Following Messier's controversial firing of Canal Plus Group's chairman Pierre Lescure, the CSA has written to Messier stating that, since the change in management was linked with 'important financial losses' at the pay-TV platform, he will have to demonstrate the relevant figures, as well as explain his future strategy for turning the company around.

In a letter to Messier, the CSA also asked Vivendi Universal to confirm the editorial independence of the French pay-TV channel, to explain the management of Canal Plus' subscribers base (which is handled directly by VU), as well as clarifying the pay-TV channel's financial obligations concerning French film production.

Concerning the latter, the channel's French film (pre-buy) acquisitions, representing over Euros 137m per year - a major contribution to French film production - will have to be confirmed by a written contract.

Previously, films could start shooting on the strength of an informal agreement between the channel and the producer.

The channel will also have to refrain from discriminating between catalogue films belonging to VU and third party titles.

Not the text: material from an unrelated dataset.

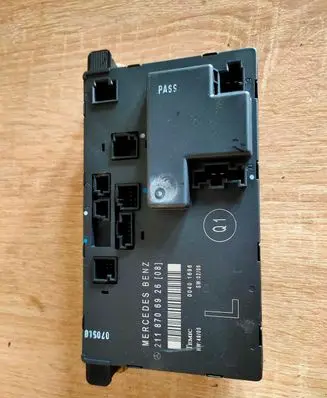 Mercedes-Benz E W211 Door control unit/module 2118706926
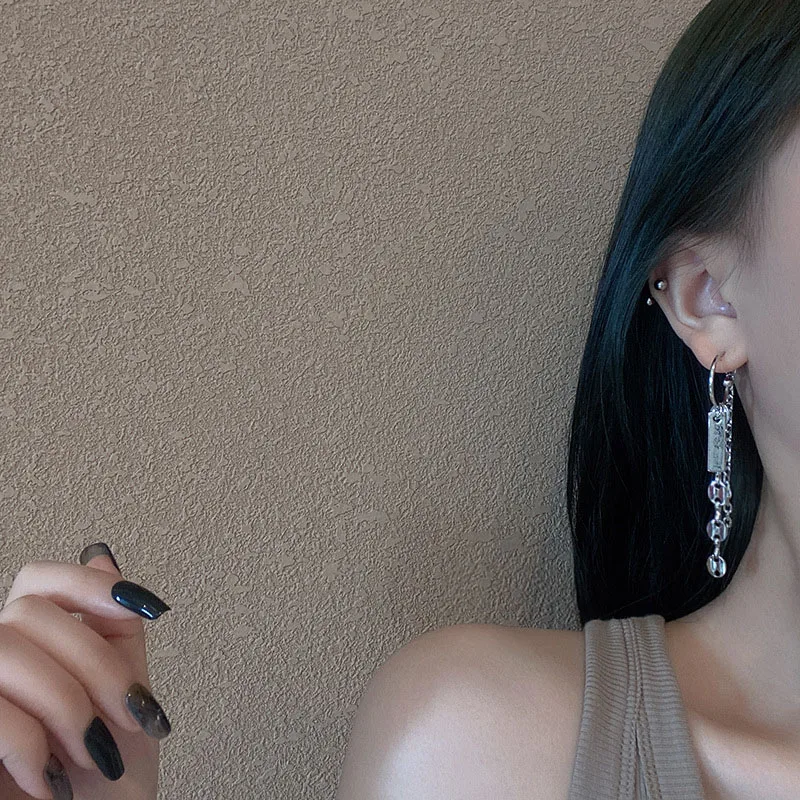 2021 New Fashion Hot Sale Hip Hop Asymmetric Chain Earrings Women Simple Cool Style Individual Design Ear Jewelry Accessories
2021 New Fashion Hot Sale Hip Hop Asymmetric Chain Earrings Women Simple Cool Style Individual Design Ear Jewelry Accessories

Meanwhile, in an unexpected development to the extraordinary events at last week's annual shareholder meeting (Screendaily 24 April), Vivendi Universal is to call another shareholder meeting, following allegations that its electronic voting system had been sabotaged.

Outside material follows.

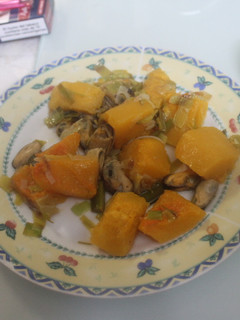 Una foto de Calabaza y puerro con preparado de pescado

Claiming that the unusually high level (up to 20%) of abstaining votes, indicated either a malfunction or outside interference, the company stated that it was necessary to hold another meeting as quickly as possible to collect shareholder votes on company resolutions.

One of Wednesday's more controversial votes concerned the proposed 55 million stock option scheme, valued at about Euros 2 billion, which was rejected by shareholders.

At the time, Messier responded with the call for another meeting, in order to attempt to pass the bill before the end of the year, "We can't expect to keep talent in creative domains, without this kind of resolution," he said.